Input material:
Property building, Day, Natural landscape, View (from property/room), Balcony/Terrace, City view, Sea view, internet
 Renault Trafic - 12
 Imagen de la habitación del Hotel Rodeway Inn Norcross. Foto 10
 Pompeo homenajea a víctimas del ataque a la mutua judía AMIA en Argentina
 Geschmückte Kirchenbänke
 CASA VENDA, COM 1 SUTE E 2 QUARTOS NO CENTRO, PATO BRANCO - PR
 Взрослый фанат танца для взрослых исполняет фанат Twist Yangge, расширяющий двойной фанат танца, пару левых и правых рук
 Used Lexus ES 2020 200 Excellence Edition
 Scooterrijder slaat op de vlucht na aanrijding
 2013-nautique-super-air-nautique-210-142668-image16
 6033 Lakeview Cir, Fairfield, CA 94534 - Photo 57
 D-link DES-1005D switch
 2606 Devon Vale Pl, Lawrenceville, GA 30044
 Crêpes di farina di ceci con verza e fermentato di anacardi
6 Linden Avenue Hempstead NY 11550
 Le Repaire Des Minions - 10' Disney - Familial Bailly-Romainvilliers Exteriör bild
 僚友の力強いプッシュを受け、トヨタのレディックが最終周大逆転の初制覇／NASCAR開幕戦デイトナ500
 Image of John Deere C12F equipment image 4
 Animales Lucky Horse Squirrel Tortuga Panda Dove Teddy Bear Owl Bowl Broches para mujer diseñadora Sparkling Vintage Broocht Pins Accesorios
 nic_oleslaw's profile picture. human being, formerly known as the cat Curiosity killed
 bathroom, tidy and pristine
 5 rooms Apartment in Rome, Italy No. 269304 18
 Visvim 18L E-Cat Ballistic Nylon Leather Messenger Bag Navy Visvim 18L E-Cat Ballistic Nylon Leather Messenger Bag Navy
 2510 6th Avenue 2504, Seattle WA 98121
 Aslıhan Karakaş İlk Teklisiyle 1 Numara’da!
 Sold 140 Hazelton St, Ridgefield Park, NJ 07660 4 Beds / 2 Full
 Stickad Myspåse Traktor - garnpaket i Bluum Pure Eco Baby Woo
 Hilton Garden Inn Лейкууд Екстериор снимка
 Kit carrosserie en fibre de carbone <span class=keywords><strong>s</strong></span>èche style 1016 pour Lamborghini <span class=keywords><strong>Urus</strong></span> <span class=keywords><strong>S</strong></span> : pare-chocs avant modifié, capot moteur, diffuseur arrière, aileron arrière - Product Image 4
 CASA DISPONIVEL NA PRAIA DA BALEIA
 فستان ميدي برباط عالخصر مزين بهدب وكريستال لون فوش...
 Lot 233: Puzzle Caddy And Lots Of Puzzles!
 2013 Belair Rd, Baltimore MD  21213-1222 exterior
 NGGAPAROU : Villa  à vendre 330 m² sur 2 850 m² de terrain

What the task requires: Would you output, from the records above, exactly the run of lines that starts at the line containing "Pompeo homenajea a" and ends at the line containing "Animales Lucky Horse", and only that run?

Solution to this task:
 Pompeo homenajea a víctimas del ataque a la mutua judía AMIA en Argentina
 Geschmückte Kirchenbänke
 CASA VENDA, COM 1 SUTE E 2 QUARTOS NO CENTRO, PATO BRANCO - PR
 Взрослый фанат танца для взрослых исполняет фанат Twist Yangge, расширяющий двойной фанат танца, пару левых и правых рук
 Used Lexus ES 2020 200 Excellence Edition
 Scooterrijder slaat op de vlucht na aanrijding
 2013-nautique-super-air-nautique-210-142668-image16
 6033 Lakeview Cir, Fairfield, CA 94534 - Photo 57
 D-link DES-1005D switch
 2606 Devon Vale Pl, Lawrenceville, GA 30044
 Crêpes di farina di ceci con verza e fermentato di anacardi
6 Linden Avenue Hempstead NY 11550
 Le Repaire Des Minions - 10' Disney - Familial Bailly-Romainvilliers Exteriör bild
 僚友の力強いプッシュを受け、トヨタのレディックが最終周大逆転の初制覇／NASCAR開幕戦デイトナ500
 Image of John Deere C12F equipment image 4
 Animales Lucky Horse Squirrel Tortuga Panda Dove Teddy Bear Owl Bowl Broches para mujer diseñadora Sparkling Vintage Broocht Pins Accesorios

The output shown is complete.